Bliss may be an English word, but I felt it most recently in translation. I spent a day in Clarice Lispector’s Água Viva and barely bothered to come up for air. A sort of novel, the short book seems to have more in common with philosophy than fiction—Água Viva is a small system of thought unto itself. The last book Lispector would publish, Água Viva (translated here from Portuguese by Stefan Tobler) is an exploration of time and narrative, but completely divorced from plot.
It’s also, I’m shamefaced to admit, only the second book I’ve read this past year that wasn’t originally written in English. No, in 2012 I read mostly books written by anglophone Canadians, and almost half of what I read was published for the first time this year. I like new things, and I feel pretty great about Canadian writing, but this is just no way to live.
There’s an essay in Milan Kundera’s The Curtain called “Die Weltliteratur.” Kundera (pictured above) wrote it in French, though it’s got a German title, which his translator Linda Asher chose to keep. The essay describes the provincialism of both great nations, like France, and smaller ones, like Kundera’s own Czech Republic. Kundera describes how literature is an art form that perhaps is best appreciated as one that belongs to the world, rather to than to the country where any one story originates. He writes that works should be considered in both their small contexts and their large contexts: in France, Kundera writes, Rabelais isn’t necessarily considered a founding literary figure, but he is best read by a Russian theorist, Bahktin, and in the larger context of world literature can be seen to have practically invented the European novel. Alongside Cervantes, of course.
The tricky thing about reading in translation is the knowledge that no matter how much care the translator puts into their work, you know that you’re reading a rewritten text, a facsimile. Flaubert (who Kundera points out is not ranked as outrageously important in France, even if Madam Bovary revolutionized the novel as a realist) was famously fastidious in his word choices, hard on metaphors and in love with rhythm and assonance. Far be it from me to posit that story ever trumps style, but the sheer number of Madame Bovary translations seems to make its own case. Tim Parks had a great piece in the NYRB recently, about the tricky little ins and outs, the way words and sentences carry slightly different meanings if they’re attached to different sounds; he was writing about his recent novel being transliterated from European English into American English, but the point remains: “Any intervention in these patterns, whether simply substituting words to suit a local use of the same language, or more radically translating into another language, disturbs the relationship between sound and semantics.”

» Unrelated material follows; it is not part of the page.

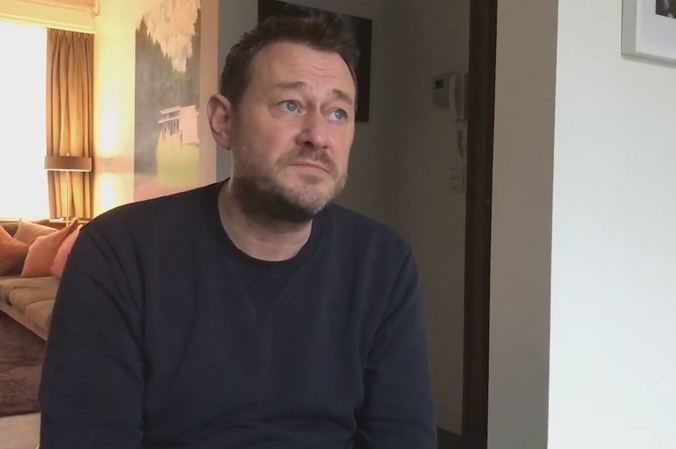 Bart De Pauw stelt VRT in gebreke en eist schadevergoeding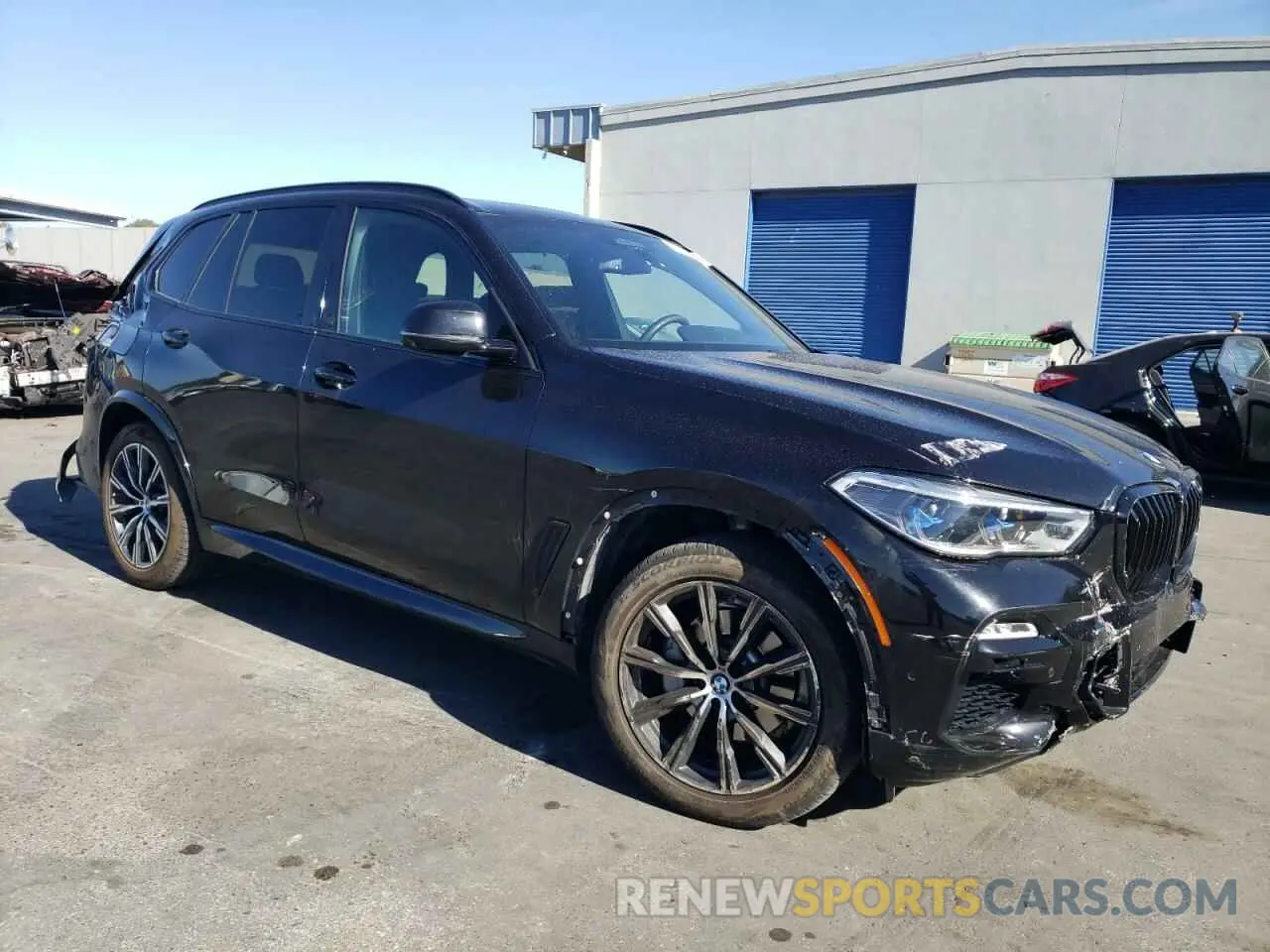 4 Photograph of a damaged car 5UXCR6C0XLLL83013 BMW X5 2020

And yet, I would argue, there remains under the translated text some echo of that “small context” rhythm; the reader’s mind soaks in the words on the page, themselves steeped in the circumstances under which they were written—and then rewritten.
How fitting that these are the thoughts I find myself revisiting after I put down Água Viva. “So writing is the method of using the word as bait: the word fishing for whatever is not the word”, Lispector wrote. The book examines the simultaneous failure and necessity of language to make sense of being in the world. Words, in whatever language, are such a flawed and imperfect vehicle for capturing what it really means to be alive. We can only use them, to paraphrase Lispector, to explore invented truths. And then, just she has written it, (or as Tobler translated it): “Once whatever is between the lines is caught, the word can be tossed away in relief.”